Kemalistler, başlangıçta halkı kendilerine çekebilmek ve uygun ortamı kollamak amacıyla, şeriat hükümlerini uygulayacakları sözünü vermişlerdir. Şartlar kendi lehlerine oluştuğu ve ülke idaresine tamamen hakim olmaya başladıkları zaman, gerçek yüzlerini göstermişlerdir. Her fırsatta dine darbe vurmaktan çekinmemişlerdir. Şeyh Muhammed el-Gazâlî, Zalam fil-Garb isimli kitabında şöyle diyor: "İşgalcileri denize döken Türk ordusunun saflarındaki ve vicdanlarındaki yegâne unsur İslâm'dı. Mustafa Kemal'i, mücahid saflarını düzenlemesi ve organize etmesi amacıyla bizzat padişah göndermişti.
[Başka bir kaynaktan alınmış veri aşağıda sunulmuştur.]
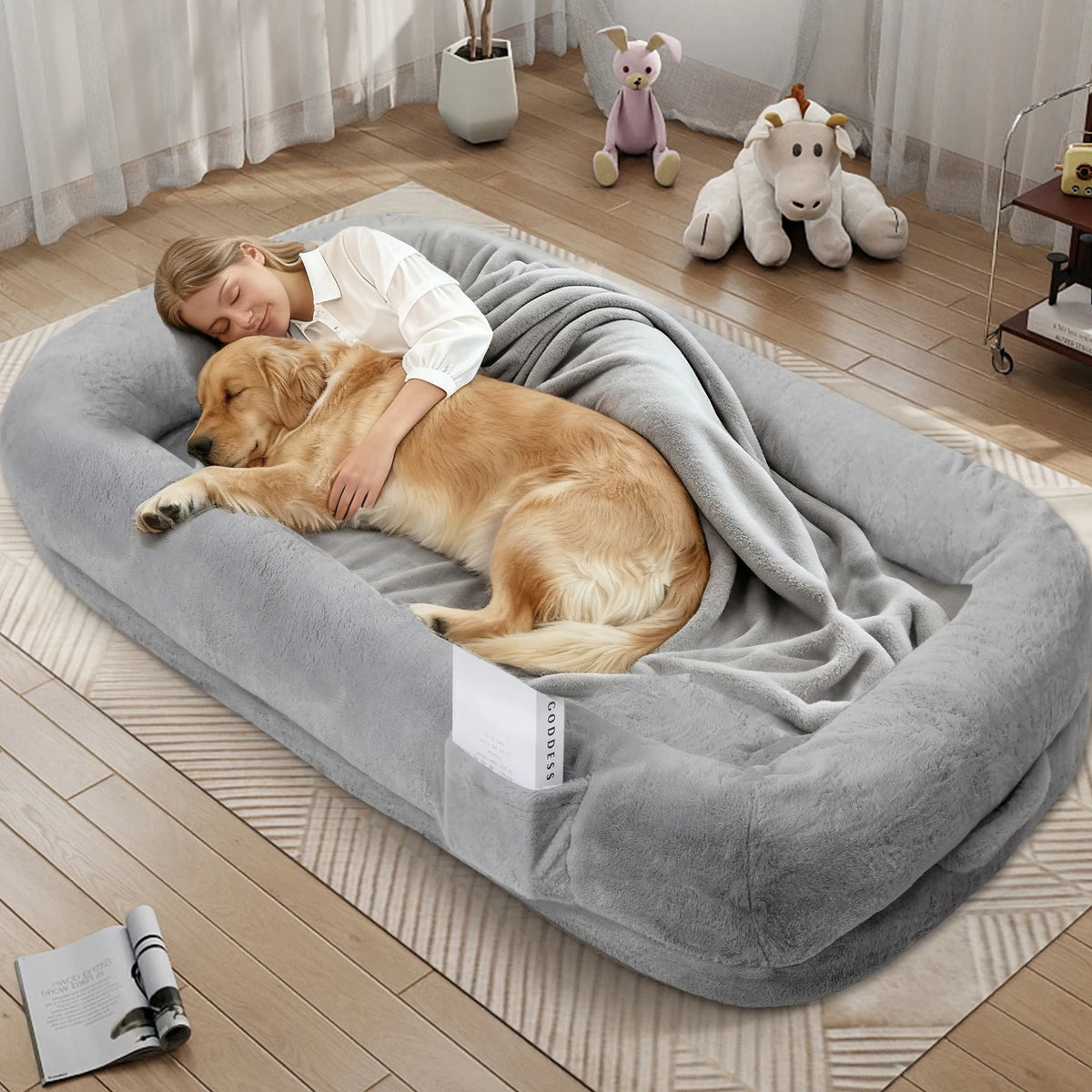 Orthopedic Human Dog Bed With Soft Removable Faux Fur Cover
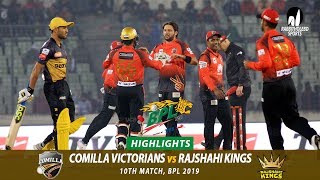 Comilla Victorians vs Rajshahi Kings Highlights  10th Match  Edition 6  BPL 2019 [upl. by Mychal875]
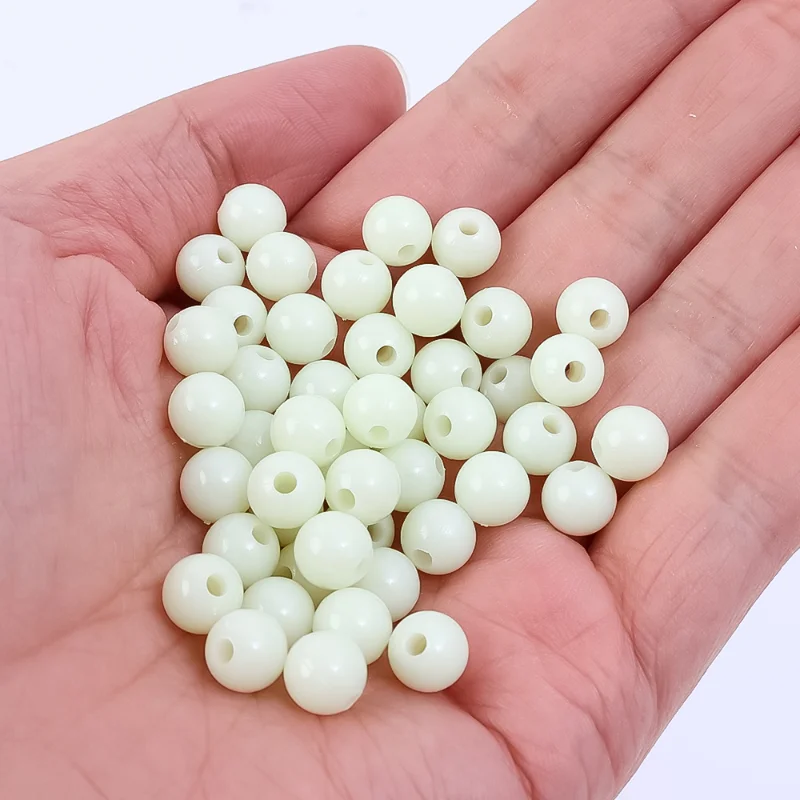 야광 구슬 라운드 플로트 볼, 3mm-8mm, 100 개/몫, 빛 발광, 야외 낚시 액세서리 세트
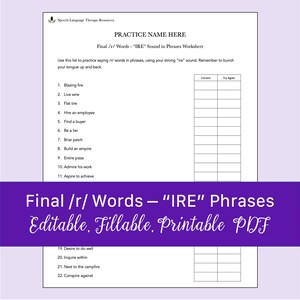 Final /r/ Words - &quot;IRE&quot; Sound in Phrases Worksheet for Speech Therapy | Printable, Fillable PDF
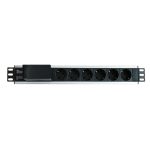 Imagen del Techly I-CASE STRIP-16SH, una unidad de distribución de energía (PDU) con 6 salidas AC en formato 1.5U, en colores negro y plata. SKU: I-CASE STRIP-16SH
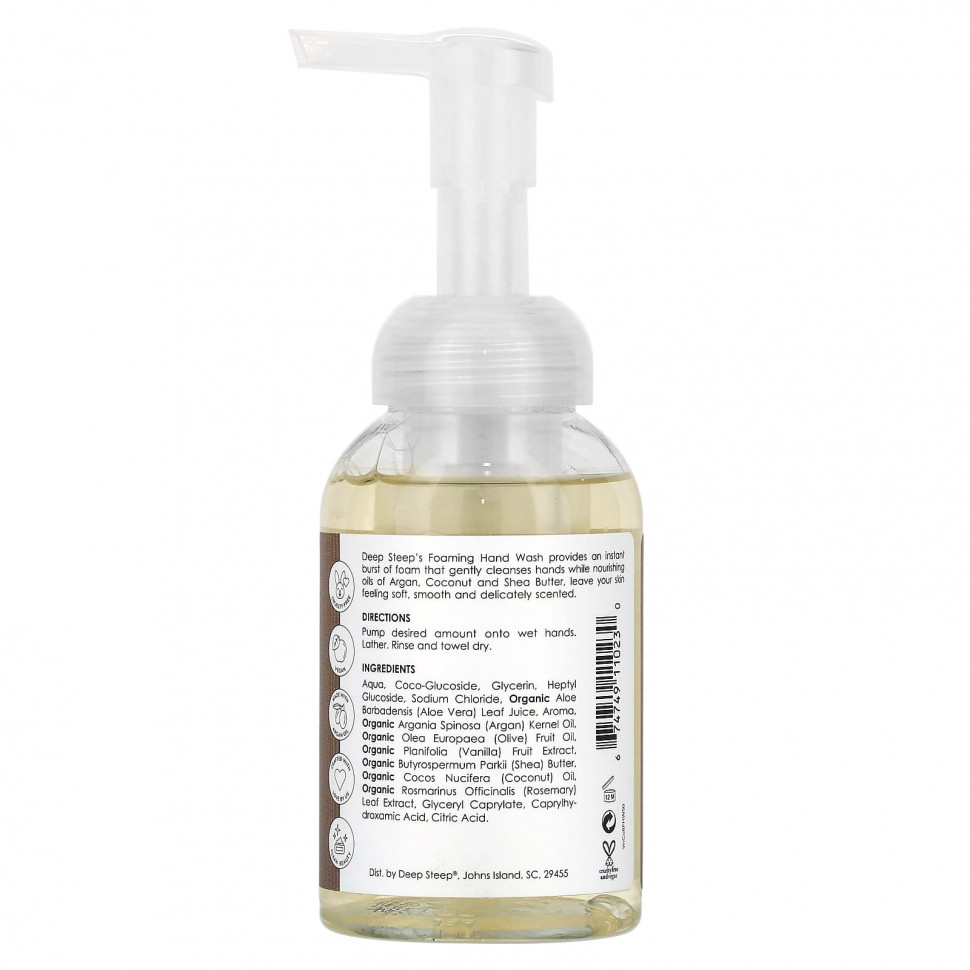 Deep Steep, Пенящееся мыло для рук, ваниль и кокос, 237 мл (8 жидк. Унций)
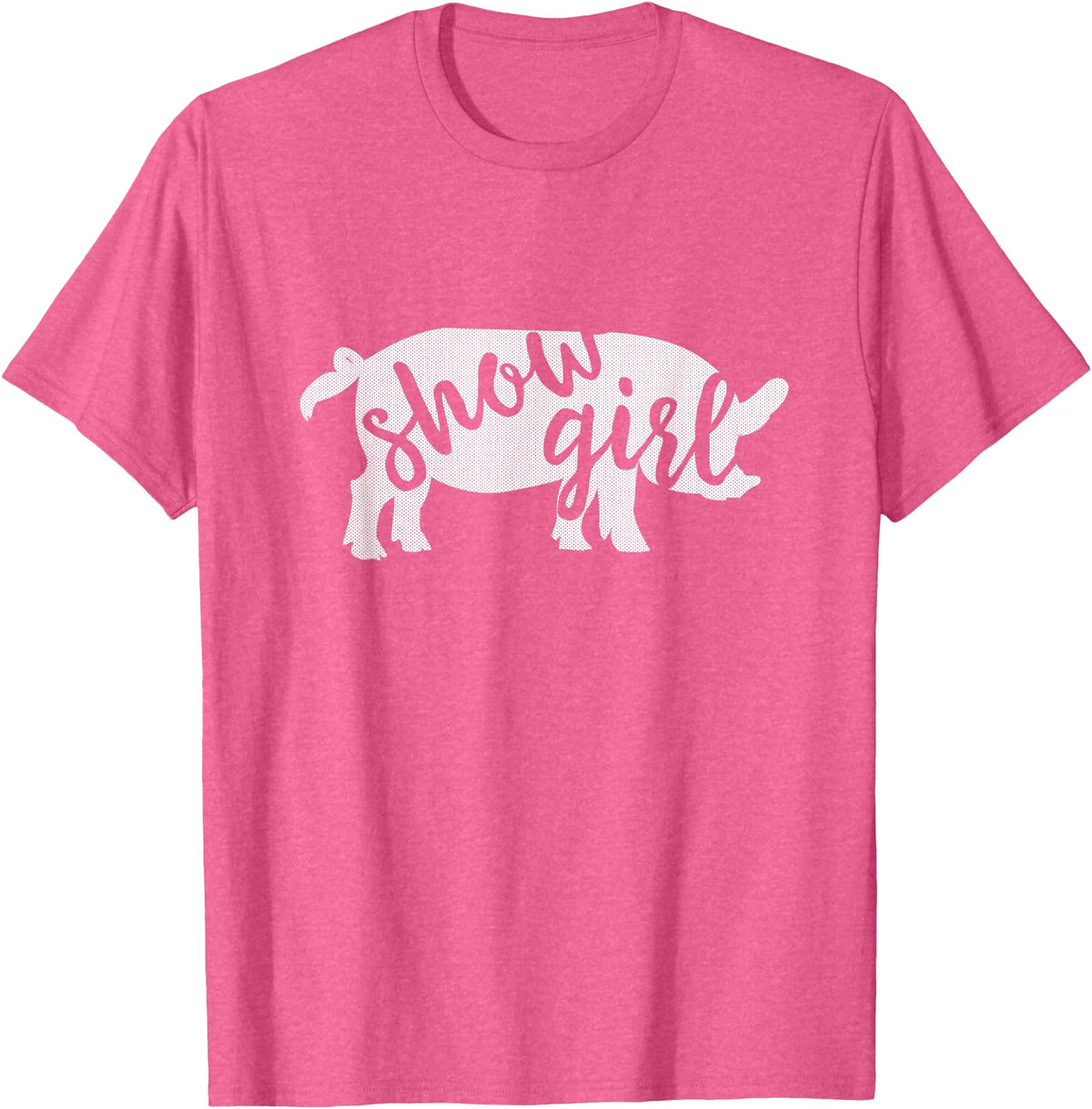 Pig Showing Gifts & Apparel Cute Show Pig Girl T-Shirt - Pink Heather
Müslümanlar, Türklerin bu kurtuluş mücadelesini tüm güçleriyle desteklemişler, maddî-manevi yardımlarını esirgememişlerdi.
Örneğin, Mısır'da halk sokaklara dökülüyor, yer gök şu nidalarla inliyordu:
Ey Mısır, hilali korumak için kalk
Gazi Mustafa Kemal'in çağrısına koş!
Ama ne zaman ki mücadele başarıya ulaştı, Gazi gerçek yüzünü göstermeye başladı."